Urban Ring: A transit injustice in the making?
June 20, 2008
Monday night in Roxbury, the state Executive Office of Transportation (EOT) held the last in a series of meetings about the Urban Ring. This proposed network of bus rapid transit (BRT) lines would run in a loop around Downtown Boston, offering connectivity for communities that are underserved by the MBTA's rapid transit routes.
Employees of Earth Tech, the state's consultant for the project, shared how the Urban Ring would pass through the Melnea Cass corridor, using renderings and design guidelines from the Roxbury Master Plan. After passing through a tunnel under the Longwood Medical and Academic Area (LMA), the Ring would come above ground at Ruggles Station, then travel in a dedicated busway on Melnea Cass Boulevard. Some service buses along the Urban Ring would also include a stop at Dudley Station, running in mixed traffic down Washington Street. These presenters insisted that the Urban Ring would provide accessibility benefits to Roxbury residents and learn from the mistakes of the Silver Line Bus.

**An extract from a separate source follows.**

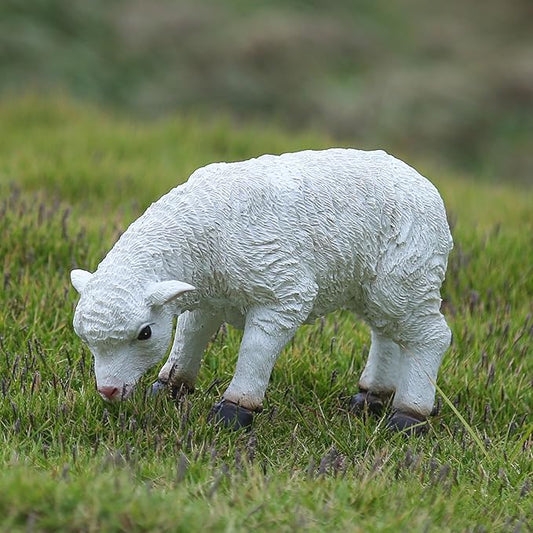 Garden Lamb Statue, White Resin Outdoor Sheep Sculpture, 9x6.3x3.5 Inches Ornament Decor for Yard Patio Landscaping Decor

Despite problems with facilitation and misleading information about the format of the meeting, TRU members and Roxbury residents were able to raise some critical concerns about the project. A vast majority of the project's funds ($1.5 billion out of $2.2 billion) will go towards the tunnel under the LMA. Other neighborhoods will have to deal with the noise pollution and traffic congestion of running buses above ground. This hugely disproportionate investment is another instance of transportation racism and classism that we fight against.
Without investing in a high quality rail system, the Urban Ring seems destined for the same corner-cutting and problems as the Silver Line. The planners insisted that running the bus down the center of Melnea Cass would vastly improve delays that the Silver Line Bus faces. Even though the Urban Ring buses would not have to wait for cars parking curbside, it would still face delays from snowplowing, cross-traffic, left-turning vehicles, and emergency vehicles. We have no reason to believe that enforcement of bus only lanes would be any less abysmal than it is with the Silver Line Bus. Furthermore, 46 percent of the proposed Urban Ring's right of way is nonexclusive; a large portion of the project is simply running limited stop buses on congested roadways.
ACE urges the EOT to seriously consider the service problems Roxbury residents face on the Silver Line Bus. There is no excuse to repeat those mistakes, and there is no excuse to continue this transportation injustice.
If you are interested in the future of transportation in Roxbury, consider attending the next T Riders Union meeting or the Washington Street Corridor Coalition meeting this Monday, June 23 at 5:30 p.m. at Central Boston Elder Services in Dudley Square.